YOUR GOAL: Somewhere below are a line with "Burberry Grainy Calfskin" and a later line with "Testing small doable". Output exactly those lines and all lines between them.

###

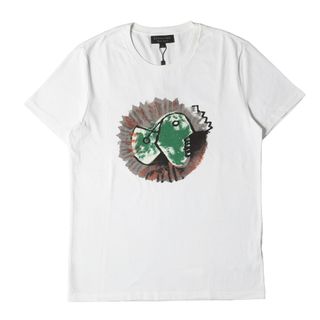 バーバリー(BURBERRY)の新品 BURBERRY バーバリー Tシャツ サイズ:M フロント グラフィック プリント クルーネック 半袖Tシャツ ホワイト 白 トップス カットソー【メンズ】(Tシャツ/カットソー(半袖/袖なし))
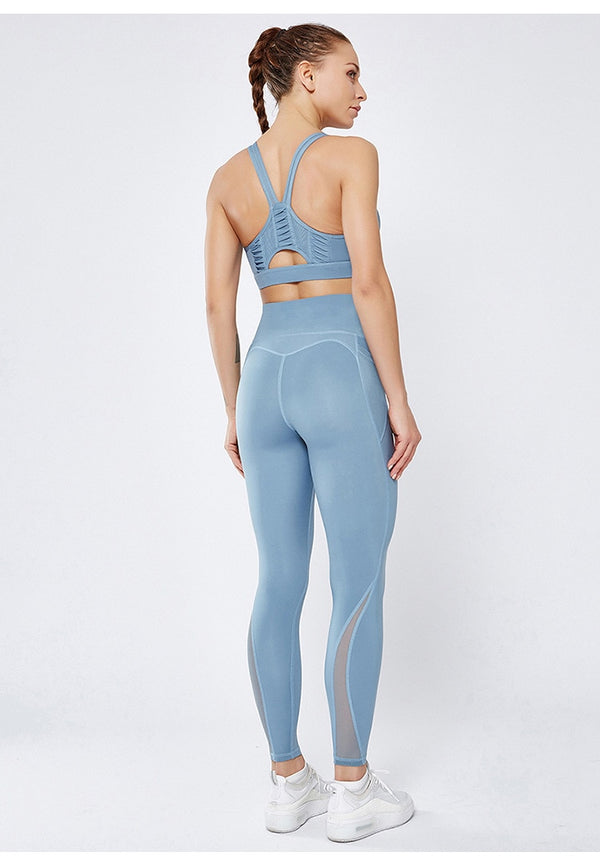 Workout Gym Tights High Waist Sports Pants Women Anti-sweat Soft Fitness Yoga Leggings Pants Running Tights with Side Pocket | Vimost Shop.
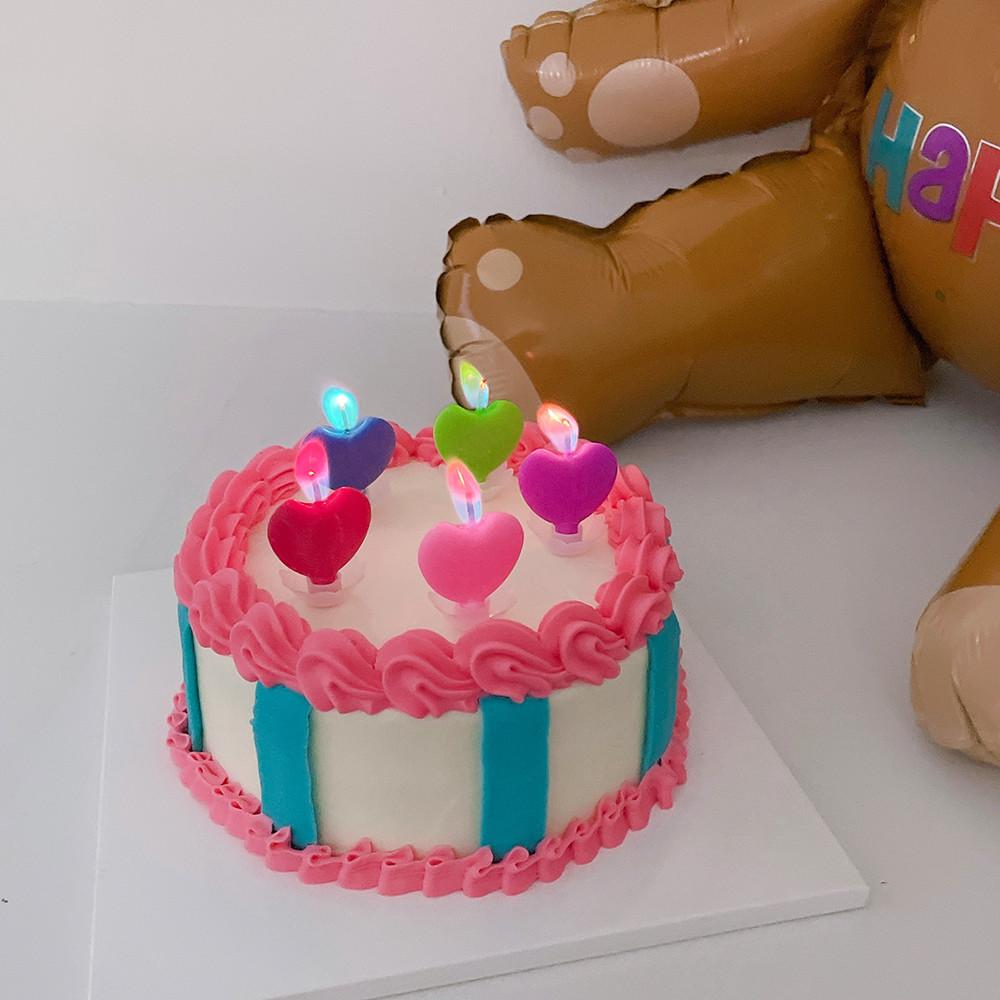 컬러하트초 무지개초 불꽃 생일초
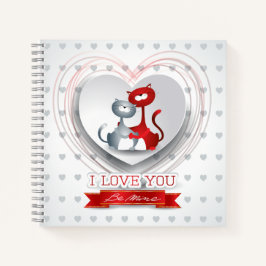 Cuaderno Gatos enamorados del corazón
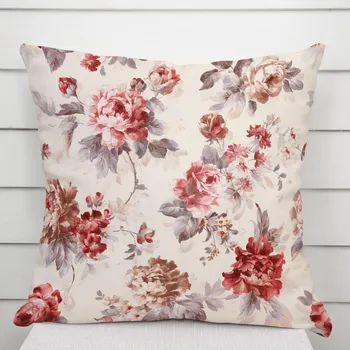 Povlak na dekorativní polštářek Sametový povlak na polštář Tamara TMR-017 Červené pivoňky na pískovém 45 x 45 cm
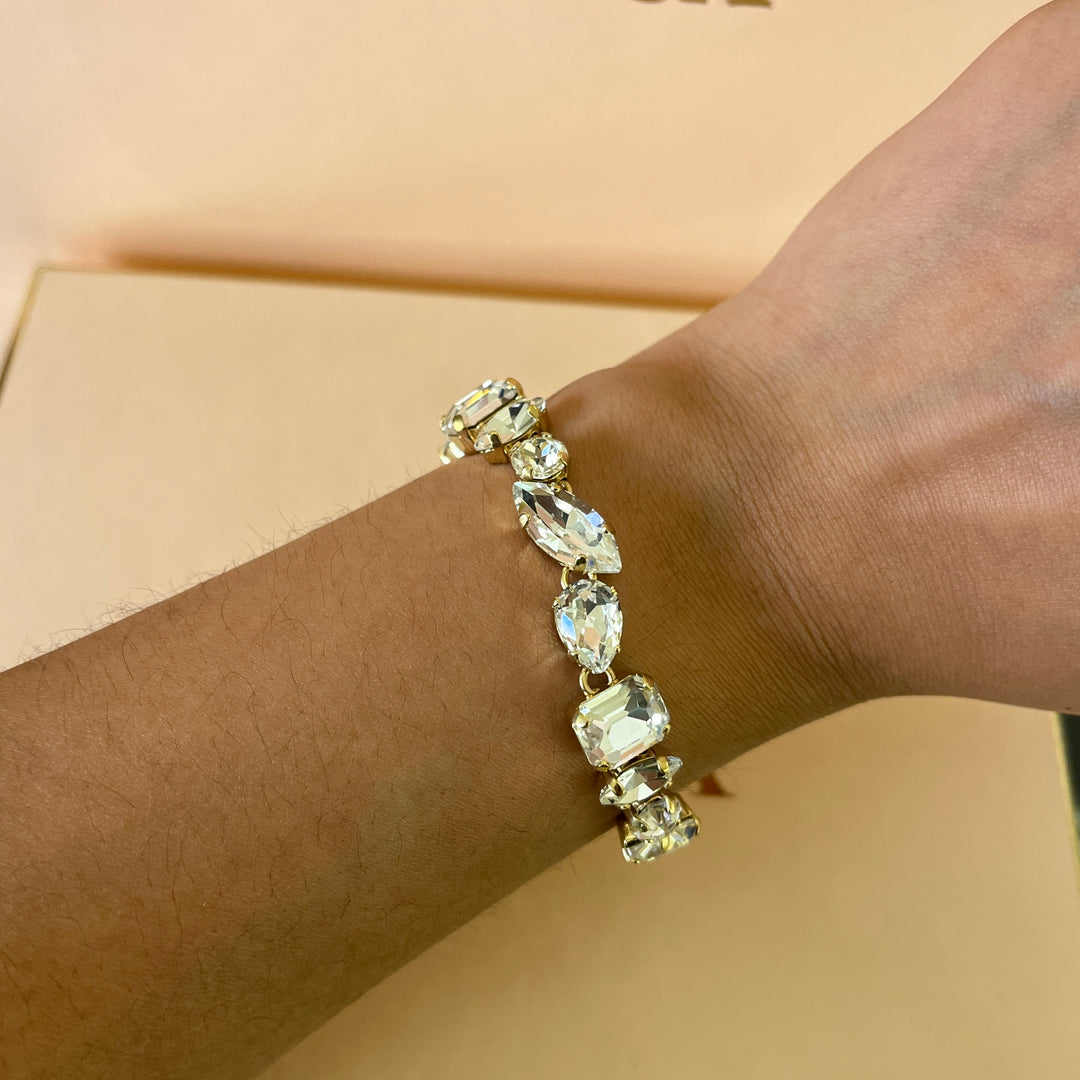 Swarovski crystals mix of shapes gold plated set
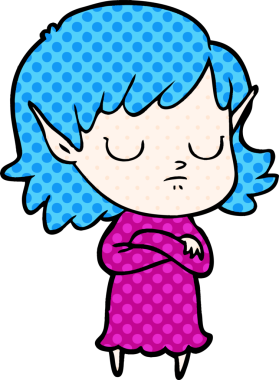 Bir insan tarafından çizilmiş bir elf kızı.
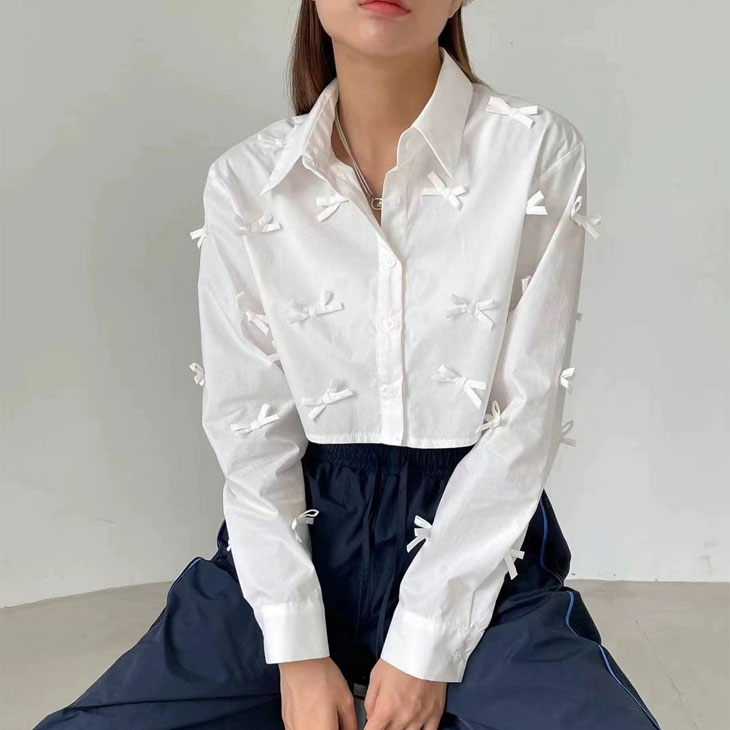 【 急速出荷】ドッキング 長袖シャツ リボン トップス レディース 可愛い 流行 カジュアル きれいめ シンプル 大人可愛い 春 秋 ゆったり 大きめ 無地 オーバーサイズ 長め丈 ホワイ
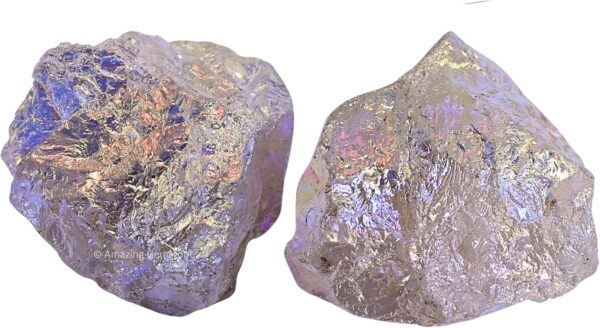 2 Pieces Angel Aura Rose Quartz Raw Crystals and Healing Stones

###

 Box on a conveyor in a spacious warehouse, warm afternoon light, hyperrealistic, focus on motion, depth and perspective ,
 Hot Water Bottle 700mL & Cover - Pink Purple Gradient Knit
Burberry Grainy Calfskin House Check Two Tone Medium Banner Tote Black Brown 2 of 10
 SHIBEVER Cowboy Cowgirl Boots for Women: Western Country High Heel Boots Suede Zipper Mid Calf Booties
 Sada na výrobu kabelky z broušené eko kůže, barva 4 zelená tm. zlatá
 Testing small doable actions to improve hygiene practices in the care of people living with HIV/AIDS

###

EXERCISE RESPONSE:
Burberry Grainy Calfskin House Check Two Tone Medium Banner Tote Black Brown 2 of 10
 SHIBEVER Cowboy Cowgirl Boots for Women: Western Country High Heel Boots Suede Zipper Mid Calf Booties
 Sada na výrobu kabelky z broušené eko kůže, barva 4 zelená tm. zlatá
 Testing small doable actions to improve hygiene practices in the care of people living with HIV/AIDS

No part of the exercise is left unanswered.